Moderate Financial Profile
TMH displays a financial profile which has many attributes of an investment grade diversified industrial and capital goods company. TMH's strong operating margins, both EBIT and funds from operations (FFO), and leverage, are broadly in line with those of an investment grade credit. Fitch views management's financial policy as conservative, which combined with a reasonably flexible operating cost structure, supports Fitch's expectation that key ratios are likely to remain stable through the rating horizon of 2016-2019.
Poor FCF Generation
The company's FCF is a constraint on the ratings. FCF has been negative for the past two years and will likely be negative again in 2016, beyond which we expect it to be positive, albeit weak, limited by high capex as well as working capital outflows.
Fitch expects capex to rise to over 6% of revenues through the medium term, from between 4% and 5% for the past three years, as the company extensively modernises its production sites. We expect significant recent working capital outflows, totalling RUB20bn in 2014-2016, to peak this year, with future working capital cash flows expected to reverse some of the prior build-up.
Fitch views TMH's corporate governance as a negative for the ratings, although this is in line with other rated privately-held Russian corporates. TMH has no independent board members and there is no audit committee, although a strategy committee is committed to a conservative and consistent financial policy. TMH also benefits from having three board members from Alstom. TMH's related party transactions are now limited since Russian Railways sold its stake in the company.
Volatile Market Dynamics
The Russian market for locomotives, rail and metro cars, motorised multiple units and trams is driven by the capex decisions of a few key operators, most of which are state- owned, and thus tends to be volatile. The market is expected to grow at mid-single digits in the medium- to long-term as a result of material pent-up demand to modernise fleets.
The recent RUB depreciation has helped TMH further cement its domestic market position, as it can offer materially lower prices without sacrificing its margins, while foreign producers do not have that flexibility. The share of export revenue is expected to remain broadly stable through the short term but could rise in the medium term.
Potential Bond Issuance
TMH's plan to issue RUB-denominated bonds would be a positive factor, by refinancing existing debt and further extending the maturities of the existing debt. However, existing debt at operating subsidiaries could result in holding company debt being structurally subordinated to operating company debt, which could result in the rating of the bond being notched down from the IDR.
TMH's 'BB-' rating is well-positioned relative to peers. A weaker geographical diversification compared with its global peers and weak FCF generation are offset by a strong local market position, long-term contracts and good relationship with key customers as well as an overall solid capital structure.
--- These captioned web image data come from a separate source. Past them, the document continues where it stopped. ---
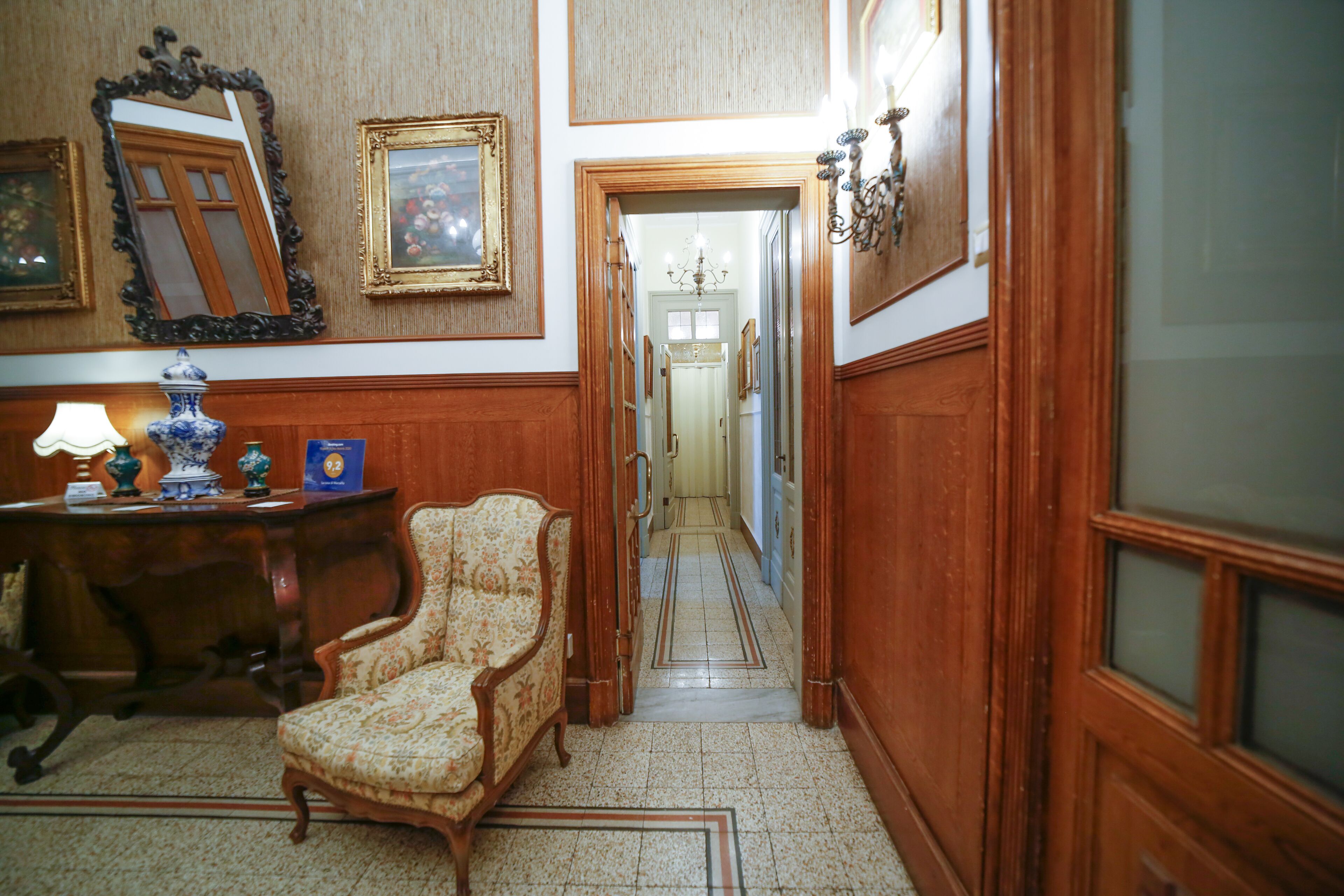 A hallway with a wooden floor, a chair, a desk with a lamp, and framed pictures on the walls.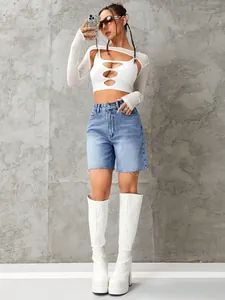 Modische High-Waist-Denim-Shorts mit Fransen, kombiniert mit einem weißen Crop-Top und Stiefeln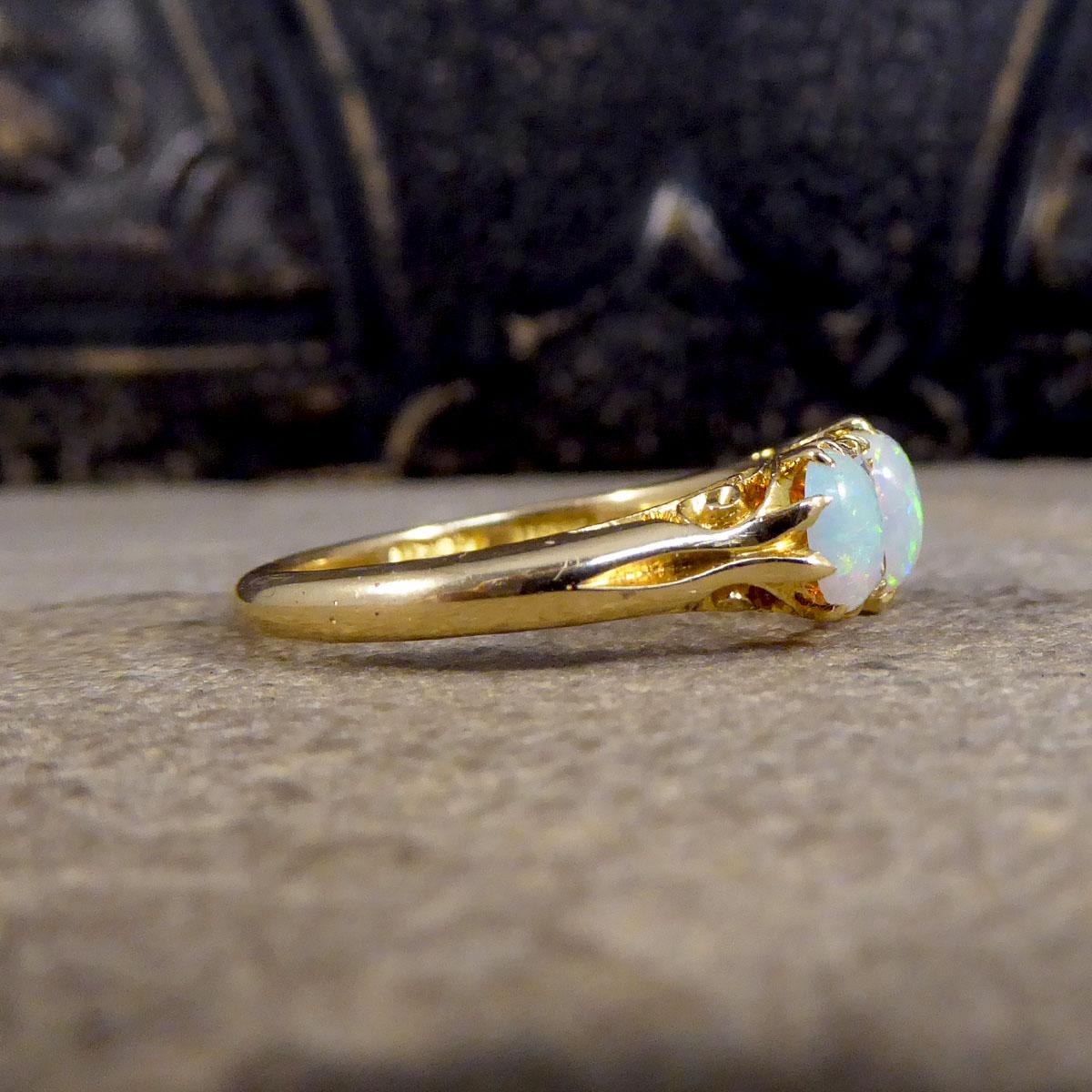 Oval Cut Late Victorian Vibrant Opal Three Stone Ring with Diamond Spacers in 18ct Gold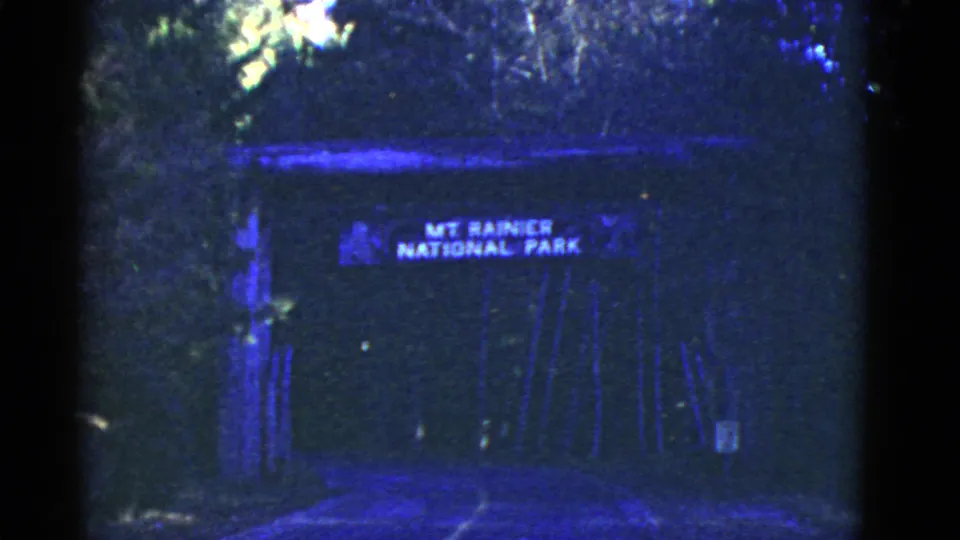 1950s 8mm frame with the Mount Rainier National Park sign over a dark, tree-lined gateway or tunnel approach.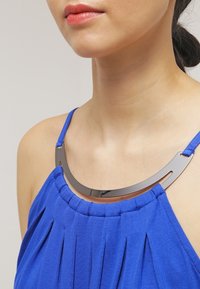 Haut plissé bleu avec des bretelles fines et un collier métallique courbé et brillant reposant sur le décolleté. Texture de tissu lisse, design minimaliste.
No country-ceiling or parent / subsidiary aspects impact the ratings.
Fitch's key assumptions within our rating case for the issuer include:
- Revenue growth in 2016 and 2017 driven by unit production rise, while average prices remain stable
- Operating cost structure to remain broadly stable, leading to limited uplift in margins
- Capex at between 5% and 7% p.a.
- No dividend paid in 2016 and a gradual lift in dividend payments from 2017, assuming profitability increases
- Debt maintained at current levels
Future developments that may, individually or collectively, lead to a positive rating action include:
-Improved geographic, customer and service diversity
-Gross leverage remaining below 3x (2015: 3.2x; 2016E: 2.5x)
-FCF margin above 2% (2015: -3.2%; 2016E: -1.4%)
-Fixed charge cover above 4x (2015: 3x; 2016E: 3.3x)
Future developments that may, individually or collectively, lead to a negative rating action include:
-Gross leverage above 4x
-Negative FCF on a sustained basis
-Fixed charge cover below 3x
Fitch views the liquidity position of TMH as satisfactory. At end-September 2016, the group reported cash and short-term deposits of RUB7.1bn (end-2015: RUB9bn) on its balance sheet against short-term debt of RUB11.5bn. Almost all of the cash is held in RUB, with only 3.5% in EUR and USD. This is broadly matched with the currency of debt, as 100% of the debt is held in RUB. Approximately 15% of total cash is held at the holding level (TMH) with the remainder located at various operating entities.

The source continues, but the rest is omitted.